Back when they were still in production, the Rolex Explorer ref. 214270 was priced slightly higher at $6,550 while the Air-King ref. 116900 carried a $6,200 price tag. Therefore, in terms of choosing the right Rolex, a $350 difference is inconsequential in the grand scheme of (luxury watch-related) things, and the two models were often seen as alternates for one another among Rolex’s various offerings.
Read more details about the Explorer by visiting our Rolex Explorer Ultimate Buying Guide here.
Read more about the Air-King by visiting our Rolex Air King Ultimate Buying Guide here.

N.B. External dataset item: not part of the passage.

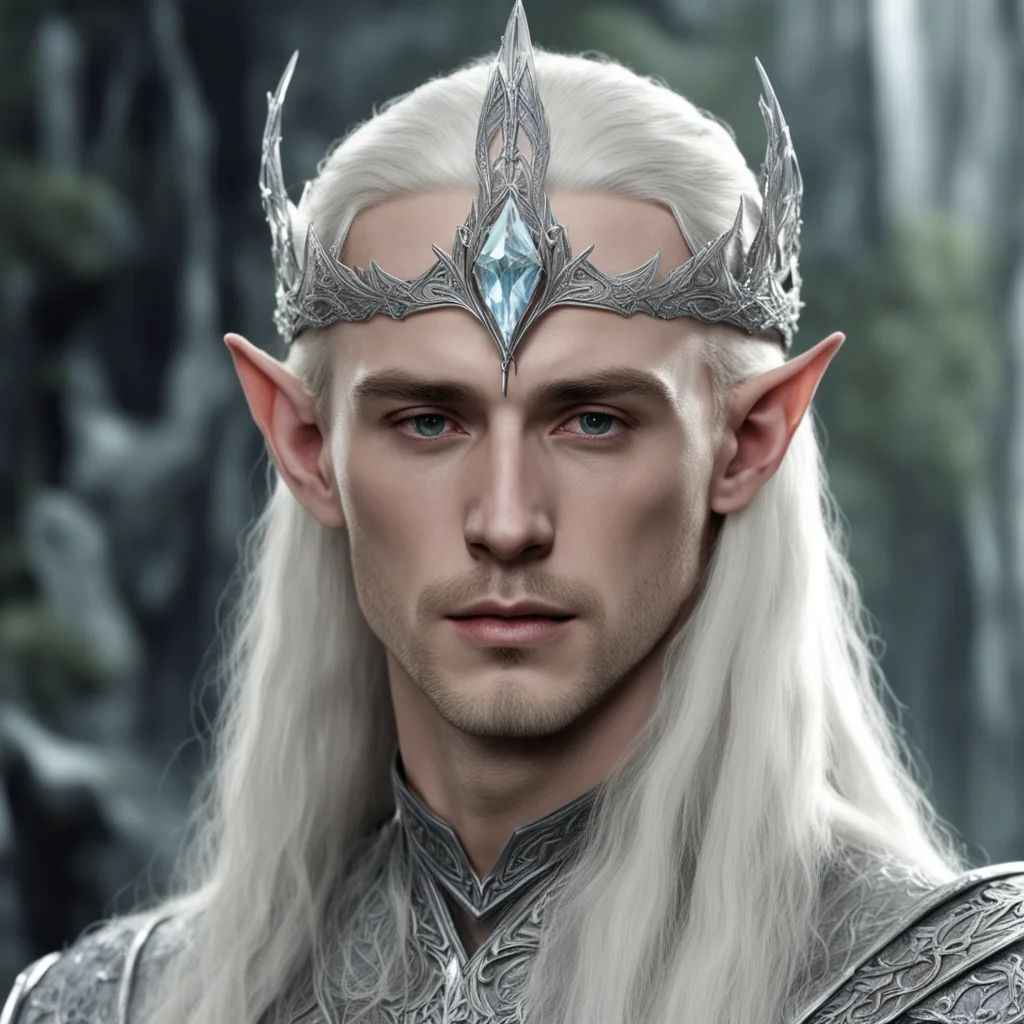 king thranduil wearing small silver elven circlet with diamond good looking trending fantastic 1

Explorer 214270 vs. Air-King 116900 Specs
For easy reference, we’ve compiled this table to identify the main differences and similarities between the Explorer ref. 214270 and the Air-King ref. 116900.
|Bezel||Smooth Stainless Steel||Smooth Stainless Steel|
|Winding Crown||Twinlock Screw-Down Winding Crown||Twinlock Screw-Down Winding Crown|
|Movement||Caliber 3132||Caliber 3131 (Anti-Magnetic)|
|Bracelet||Oyster Brushed Stainless Steel||Oyster Brushed Stainless Steel|
|Clasp||Folding Oysterlock safety clasp||Folding Oysterclasp|
|Bracelet Expansion||Easylink 5mm||Easylink 5mm|
|Luminous Display||All indexes and center hands||Inverted triangle at 12 o’clock and center hands only|
|Numerals 3,6,9||Luminous (MKII Dial)||Non-luminous 18k White gold|
|Water Resistance||330 feet (100 meters)||330 feet (100 meters)|
|Approx. Price||$10,000 – $12,000 (pre-owned)||$9,000 – $11,000 (pre-owned)|
Both the 2016 editions of the Explorer and the Air-King offer their own benefits. But when it comes down to it, since their specs are so similar, choosing between the Explorer ref. 214270 and the Air-King ref. 116900 is really a matter of personal design taste. One offers a minimal approach to a Rolex sports watch while the other is a much more vibrant and bolder take.
The Next Generation: 124270 vs. 126900
Rolex released new editions of the Explorer and Air-King in 2021 and 2022, respectively, creating a slightly bigger gap between the models and the features that once made them so similar. For example, the 2021 Explorer ref. 124270 returned to its roots with a smaller 36mm case. With the new case came a new movement, the caliber 3230 – Rolex’s latest and greatest time-only movement with a longer 70-hour power reserve and more efficient Chronergy escapement. The dial still features fully-lumed Chromalight Arabic and baton hour markers and hands to resemble its Mark II predecessor ref. 214270. The new Explorer 124270 also sports the latest Oyster bracelet and Oysterlock Easylink clasp.
The newest iteration of the Air King, ref. 126900, hit the market in 2022. Unlike the 2021 Explorer, the case remained the same 40mm size. However, it still received some rather significant upgrades not afforded to the Explorer collection in the form of sportier crown guards. Rolex also promoted the Air-King to the Oyster bracelet outfitted with the Oysterlock and Easylink comfort extension clasp. The dial still features the polarizing Arabic hour markers and green and gold logo, only now the 3/6/9 Arabic markers are fully lumed, doing away with the silver markers completely, and Rolex swapped the “5” hour marker with “05” to appear more symmetrical with the rest of the dial. Like the Explorer 124270, the new Air-King is also powered by the caliber 3230.
The new Explorer ref. 124270 retails for $7,200, and the new Air-King ref. 126900 now retails for more than the Explorer at $7,400.
Then and now, the Explorer and Air-King are excellent entry-level “professional” Rolex models. However, while the Explorer remains arguably more subdued, the Air-King is headed in its own direction by adopting a sportier aesthetic.